En tercer lugar el conocimiento de la didáctica propia de cada materia, la (escasa) actualización científica de algunos “armonizadores” y los criterios y el proceso de decisión en la elaboración de la prueba son cuando menos cuestionables también. En el caso de lengua y literatura nos encontramos con pruebas que, ignorando los niveles de comprensión señalados por la OCDE y por la UE (en su Marco para la enseñanza de las lenguas) se limitaban a pedir un resumen como único medio de evaluación de la comprensión lectora de nuestros alumnos. O bien, ignorando lo que los investigadores y la didáctica entiende como elementos significativos para la reflexión acerca del uso de la propia lengua proponían únicamente un análisis sintáctico más que cuestionado por los expertos. Ni que decir tiene que, ignorando también el propio currículum de Bachillerato se evaluaban los conocimientos de historia de la literatura obviando por completo la prioridad de los textos que la ley señala (en mi comunidad el estudio de las obras era absolutamente teórico y se podía hacer, como reconocía la armonizadora sin ni siquiera leer las mismas).

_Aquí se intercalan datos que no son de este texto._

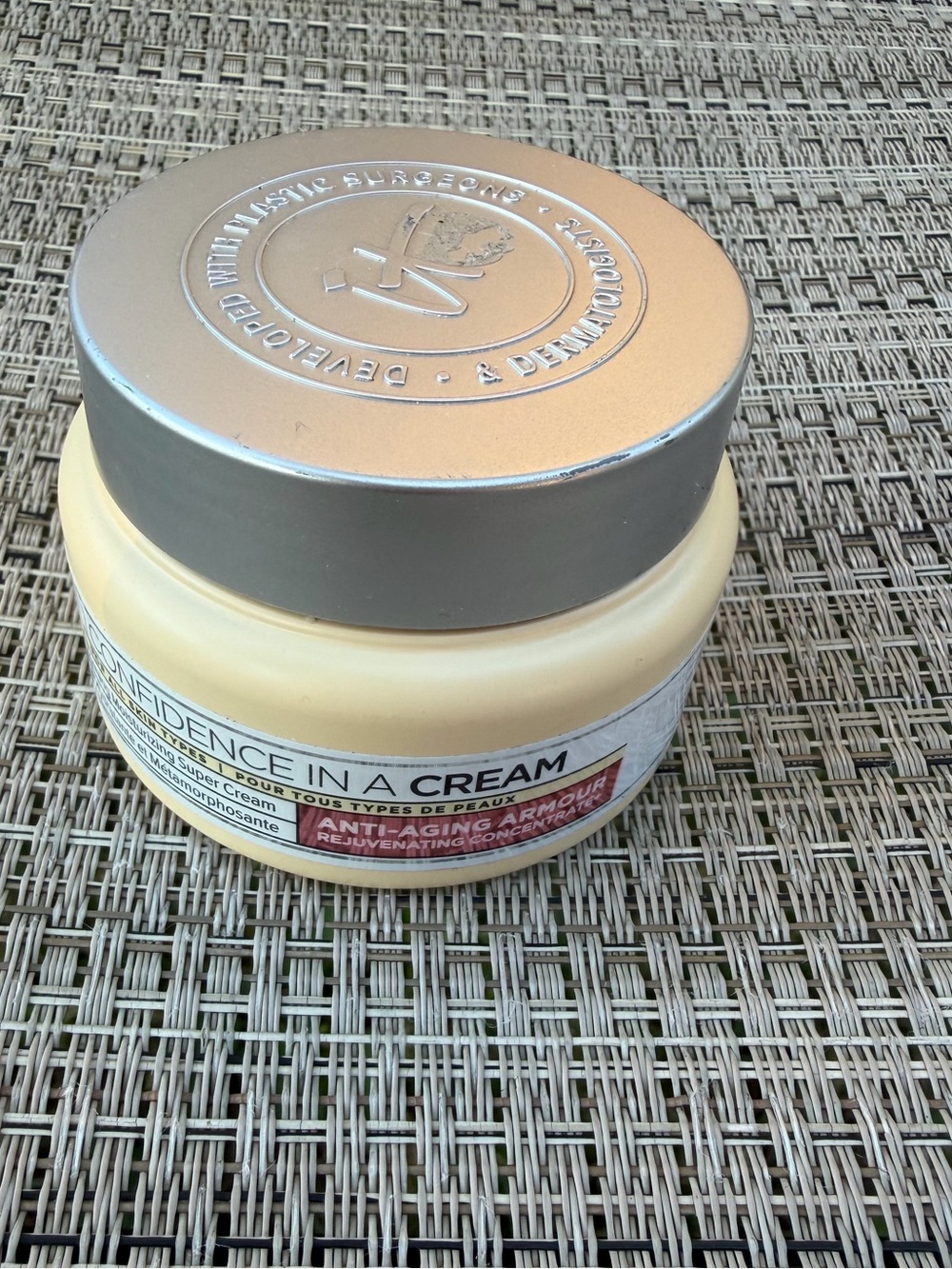 IT Cosmetics Confidence in a Cream Anti-Aging Facial Moisturizer. - Picture 2 of 10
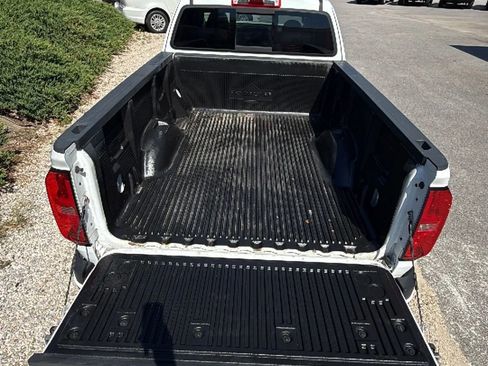 Used 2016 Chevrolet Colorado Z71 AWD/4WD image 31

Por último las diferencias entre las calificaciones obtenidas por nuestros alumnos en la “selectividad” analizadas con o sin profundidad revelaban incoherencias y la perversión de un sistema que delega en un solo profesor universitario la responsabilidad de decidir cómo será la prueba de una materia. Asignaturas con una media de 8 sobre 10 contrastaban (en la misma comunidad, distrito y tribunal) con notas medias de 6 en materias como lengua y literatura. Es decir, los alumnos obtienen calificaciones excelentes en ciencias pero son incapaces de comprender un texto de manera excelente. ¿Seguro?

Espero que a pesar de su carácter provisional los responsables no dejen pasar la oportunidad de mejorar una prueba que ha “funcionado” de aquella manera tantos y tantos años (también hubo manifestaciones y huelgas contra este modelo de acceso a la universidad, participé en ellos).

Se avecina –dicen- tiempos de pacto y consenso. Ojalá sea así y los políticos sean capaces de dar a nuestro sistema educativo la estabilidad que necesita. Pero ojalá no sea a costa de volver a estructuras, pruebas, procedimientos de selección y de segregación del pasado que deberían ser superados. Ojalá no sea a costa de la igualdad de oportunidades. Ojalá no sea a costa de mantener el statu quo y los privilegios de algunos. Ojalá no sea a costa de quedarnos en lo “malo conocido” antes que atrevernos a buscar lo “bueno por conocer”.